The victims of this attack were also picking up truffles, according to the same source, who specified that about sixty people had been kidnapped during this first attack.

According to the OSDH, the IS takes advantage of the fact that inhabitants of remote rural areas venture into the desert to collect truffles in order to attack them.

Hostage-taking

The desert truffle, or sand truffle, is generally picked between February and April and sells for gold.

According to the OSDH, the assailants were on motorcycles when they opened fire on their victims on Friday.

Earlier in the day, 25 people were released by the Islamic State group, among the sixty people that the group had kidnapped last Saturday, said the NGO.

This attack is the deadliest carried out by the jihadist organization for more than a year, when it carried out an assault on a prison in the northeast of the country, in a region held by Kurdish forces.
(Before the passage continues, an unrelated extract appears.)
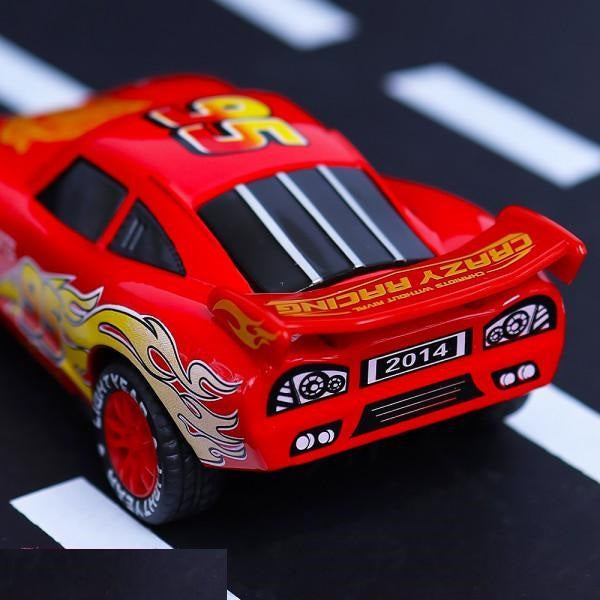 Metal toy car for boys aged 2 and above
The attack left 373 dead, including 268 jihadists, after several days of intense fighting, according to the OSDH.

After a meteoric rise in power in 2014 in Iraq and neighboring Syria and the conquest of vast territories, the IS saw its self-proclaimed "caliphate" crumble under the blow of successive offensives.

He was defeated in 2017 in Iraq and in 2019 in Syria.

But the extremist group responsible for multiple abuses continues to carry out attacks in these two countries, despite raids by the anti-jihadist coalition.

A senior IS leader, Hamza al-Homsi, was killed on Thursday night, according to the US military, which said four soldiers were injured in the operation.

On February 10, another operation carried out with Kurdish forces led to the seizure of weapons and the death of another IS official.